For your refence i am hereby giving you the important judgements which i've used in reaching to the conclusions.
Hope the same would be helpful to you.
In case the intended buyer transfer his rights in the property during the period when construction is in progress and he has not obtained possession of the property, the right of the buyer would be in the nature of capital assets and accordingly, gain arising on such transfer would be in the nature of long term or short terms gain depending upon the period of holding.
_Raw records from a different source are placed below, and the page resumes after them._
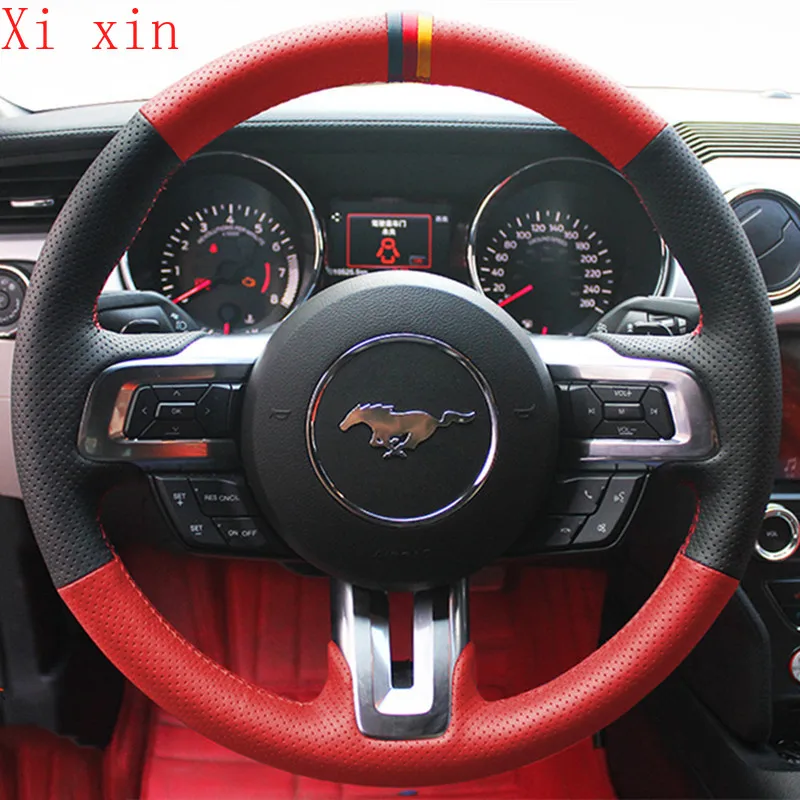 

Чехол на руль для автомобиля Ford Mustang 2015-2021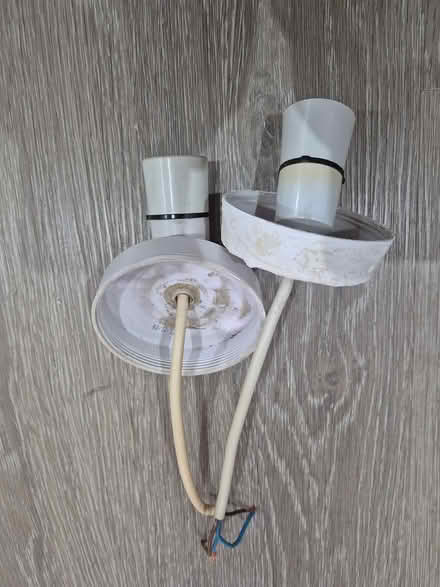 Photo of free Ceiling rose and light pendant (UB5 Northolt) #2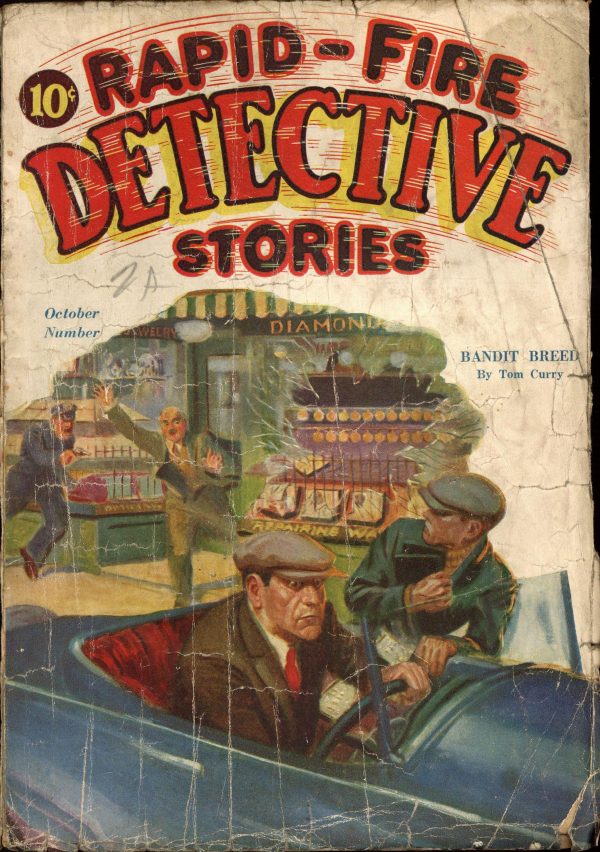 Rapid-Fire Detective Stories October 1932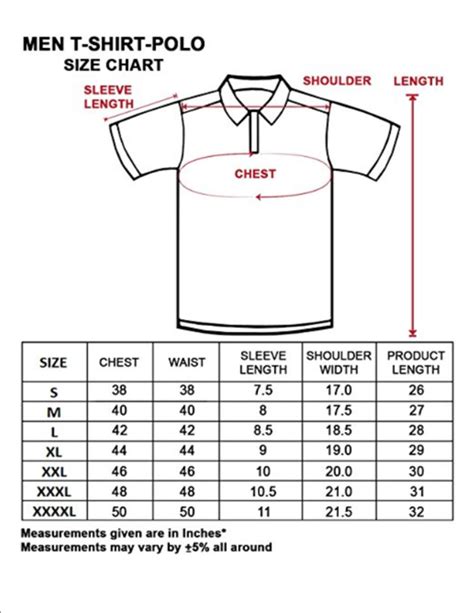 polo t shirt size chart,Save up to 16%,www.ilcascinone.com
- Bombay High Court has explained definition of capital asset as defined u/s 2(14) of the I T Act in the case of CIT vs Tata Teleservice Ltd 122 ITR 594 and has held as follows :-
What is a capital asset is defined in section 2(14) of the I.T. Act, 1961. Under that provision, a capital asset means property of any kind held by an assessee, whether or not connected with his business or profession. The other sub-clauses which deal with what property is not included in the definition of capital asset are not relevant. Under section 2(47), a transfer in relation to a capital asset is defined as including the sale, exchange or relinquishment of the asset or the astonishment of any right therein or the compulsory acquisition thereof under any law. The word “property”, used in section 2(14) of the I.T. Act, is a word of the widest amplitude and the definition has re-emphasised this by use of the words “of any kind” Thus, any right which can be called property will be included in the definition of “capital asset”.
Therefore, in our view, a right to obtain conveyance of immovable property, was clearly “property” as contemplated by section 2(14) of the I.T. Act, 1961.
- Date of allotment is the date when the right of conveyance get vested. So, if there is difference of 36 months in this date and date of sale , then it can be considered that the said asset was a long term asset and gain on sale of such asset was “Long Term Capital Gains “. (As per Hon’ble Andhra Pradesh High Court in the case of M. Syamala Rao v. CIT [1998] 234 ITR 140).
- Index of the year in which Assessee receives allotment letter of the flat should be taken (As per Smt. Lata G. Rohra v. Deputy Commissioner of Income-tax, C.C. 39, Mumbai [2008] 21 SOT 541 (Mum.)).
Here we would also like to refer Judgment of Delhi ITAT in the case of Praveen Gupta vs ACIT -ITA No. 2558/Del/2010; Asst. Year 2007-08 in which Honourable ITAT has taken indexation on the basis of Payment made by the Assessee.
- In respect of Stamp Duty, Registration Charges, Society Deposits take index of the year of payment. If Assessee has incurred any other expenses in respect of Purchase of property in addition to these in respect of those expense also take index of the year of expense for calculation of Long Term Capital Gain as what tribunal has stated above is cost of acquisition.